Output everything in the data exactly, leaving the pictures out.

[Information shown Boundary: Start]

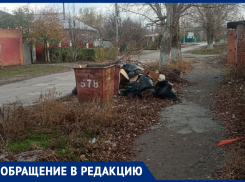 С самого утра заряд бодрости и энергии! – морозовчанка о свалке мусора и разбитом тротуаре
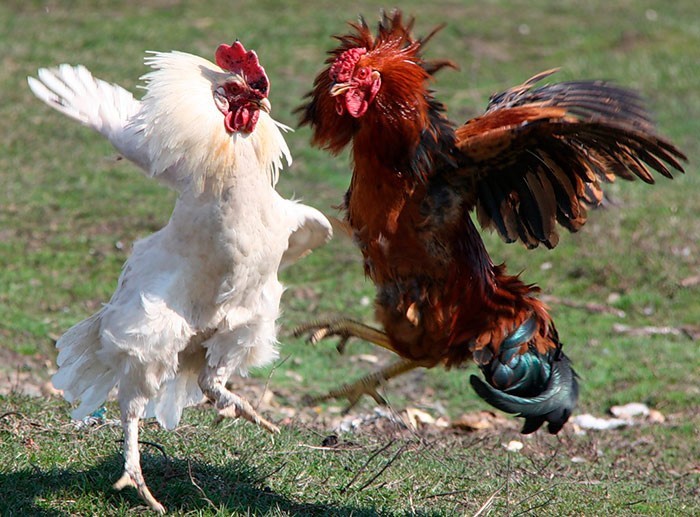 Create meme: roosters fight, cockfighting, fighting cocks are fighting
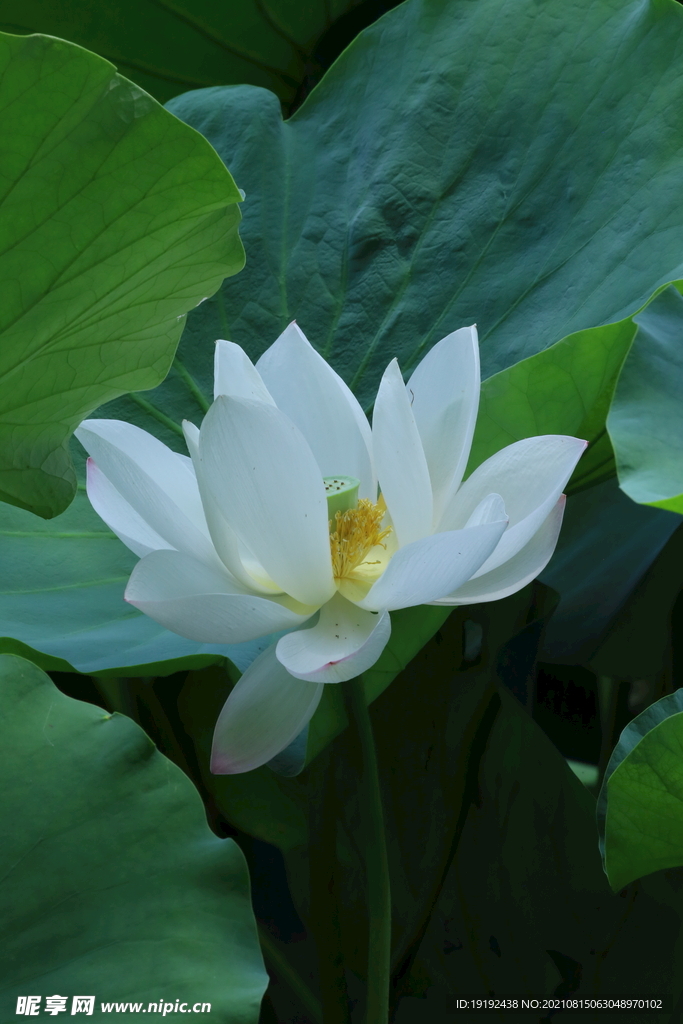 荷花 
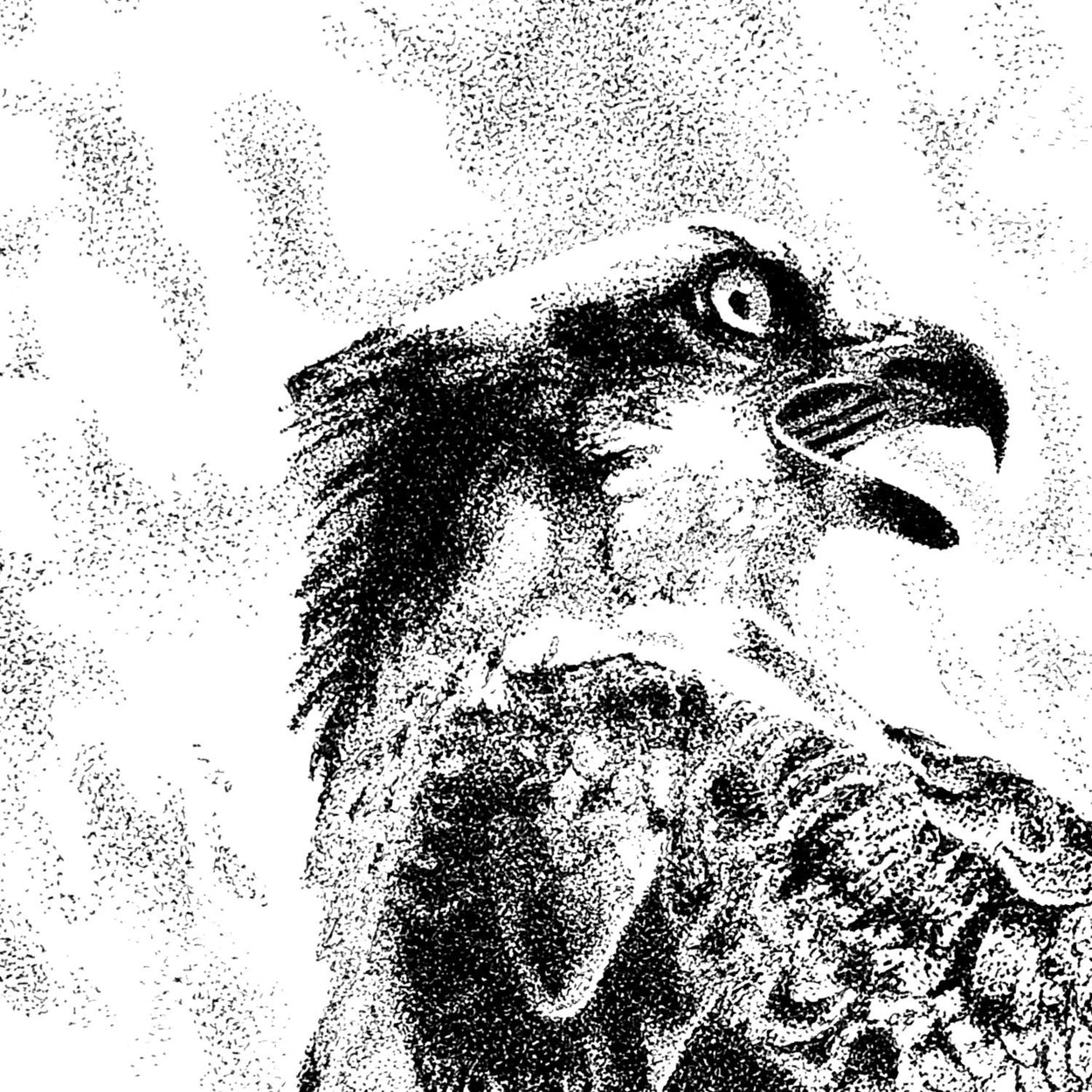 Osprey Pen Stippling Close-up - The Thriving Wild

[Information shown Boundary: End]

Solution to this problem:
 С самого утра заряд бодрости и энергии! – морозовчанка о свалке мусора и разбитом тротуаре
 Create meme: roosters fight, cockfighting, fighting cocks are fighting
 荷花 
 Osprey Pen Stippling Close-up - The Thriving Wild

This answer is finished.